1. So dated because of the reference to dining at Mr. Foxcroft’s. Although the time bracket is unlikely to have much value, the means of establishing it may be worth explaining to illustrate how such problems of dating can sometimes be narrowed when they cannot be solved. The Pa. Packet, on which Foxcroft came to England, arrived on May 30 or 31 (Lloyd’s Evening Post, May 31–June 2, 1769), and by the following Tuesday he might conceivably have found lodgings in which to entertain BF; in that case the end of the week chronicled was Monday, June 12, and in accordance with our policy we are placing the notes there.
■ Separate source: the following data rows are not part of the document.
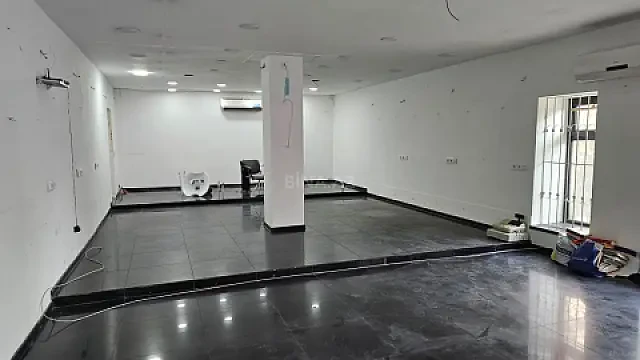 Kirayə verilir 4 otaqlı ofis 140 m²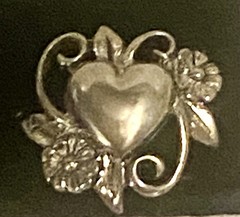 Vintage Jezlaine Sterling Scrolled Vine Heart & Flower Stud Earrings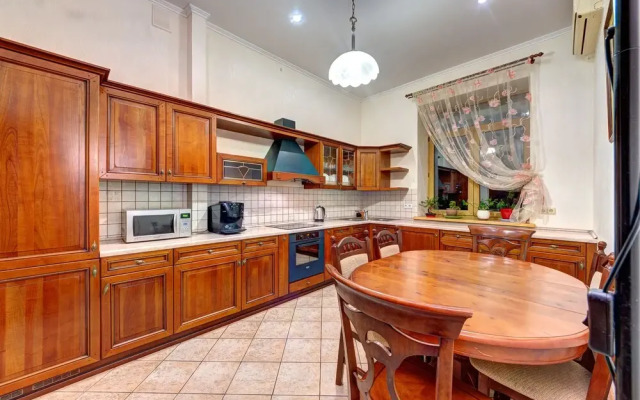 LUX Apartments Shelkovichnaya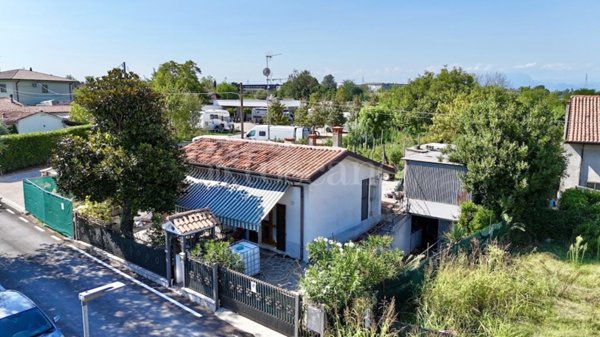 casa indipendente in vendita a Peschiera del Garda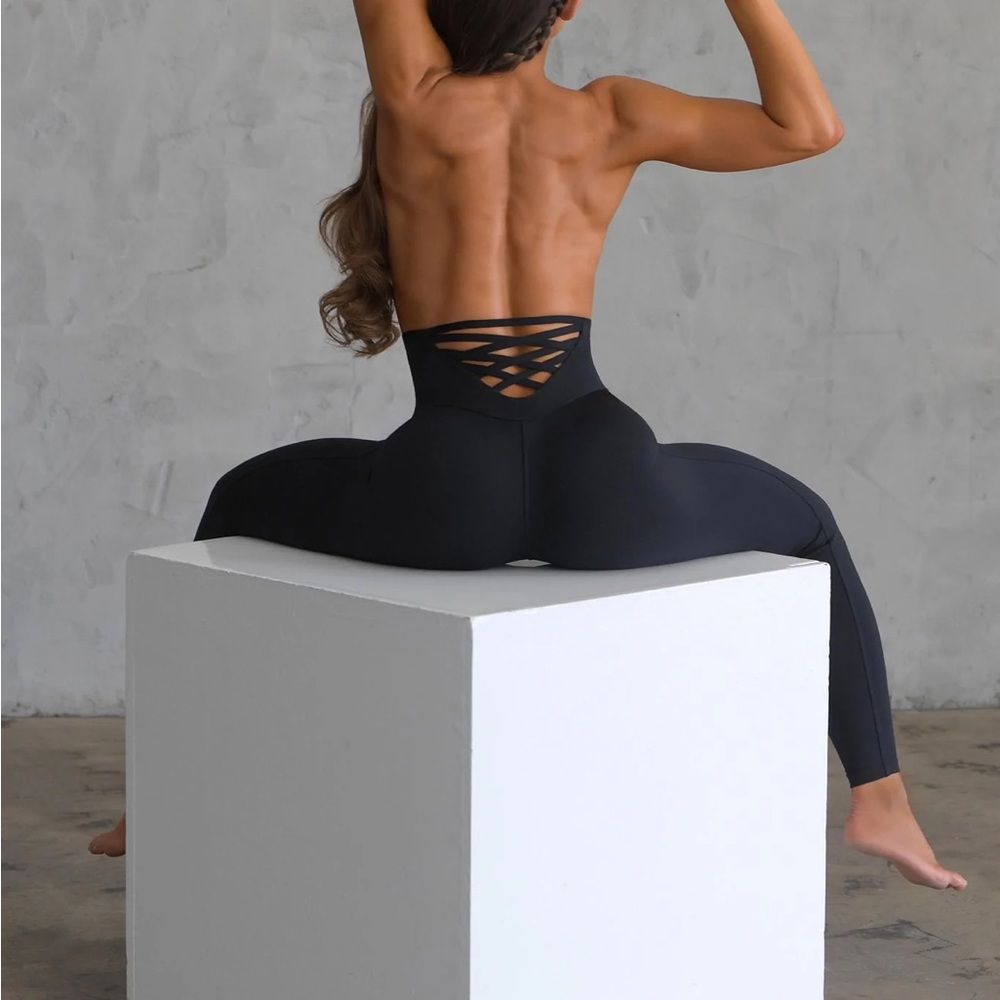 Bombshell sportswear leggings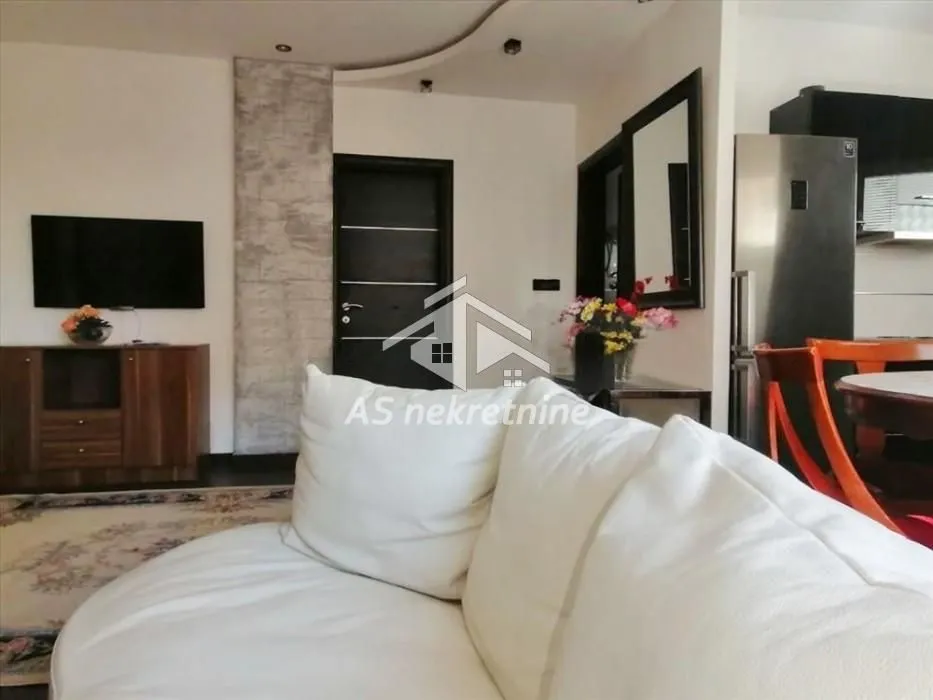 Izdavanje, dvosoban stan, 53m², Lekino Brdo, Voždovac Sve Podlokacije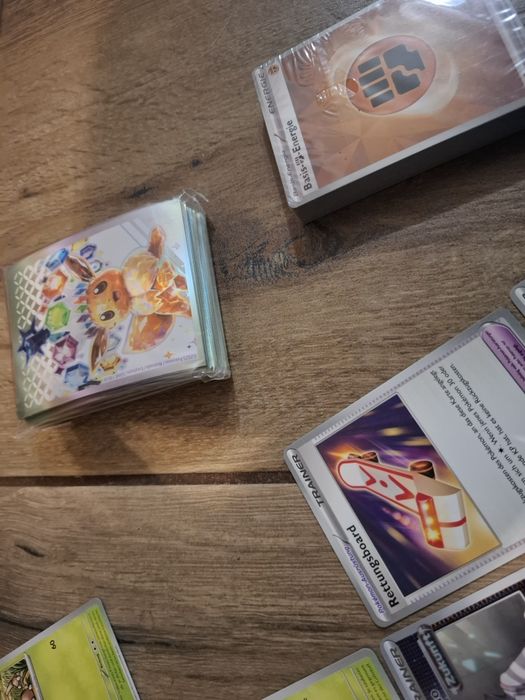 Zestaw Pokemon Prismatische Entwicklungen Kolekcjonerski
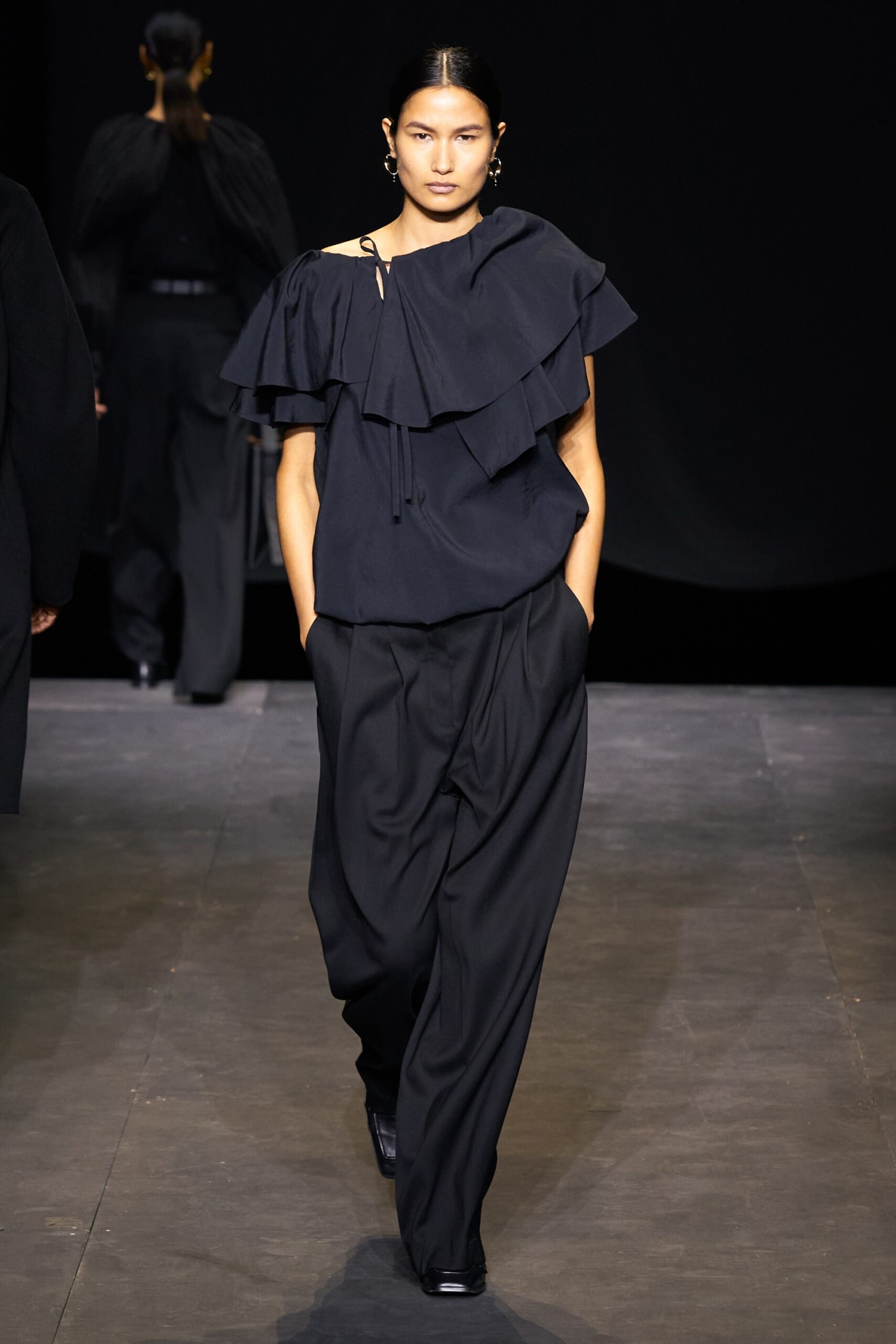Cos F/W 21 Look 150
As for the other end of the time bracket, BF would scarcely have referred to Foxcroft alone after the latter had been married, in a ceremony in which BF had given away the bride. The wedding was on Thursday, Aug. 2, 1770, and BF dined that day not with Mr. Walker but with Thomas Coombe (Coombe to his father, Aug. 4, Hist. Soc. of Pa.). Hence the latest date for BF’s notes is the week ending on Monday, July 30.
2. Undoubtedly John Ellicott’s Monday club at the George & Vulture, for which see Verner W. Crane, “The Club of Honest Whigs: Friends of Science and Liberty,” W&MQ, 3d ser., XXIII (1966), 213–15.
3. Dorothea Blunt.
4. In all likelihood the same person who had invited him to dinner two years before: XIV, 93.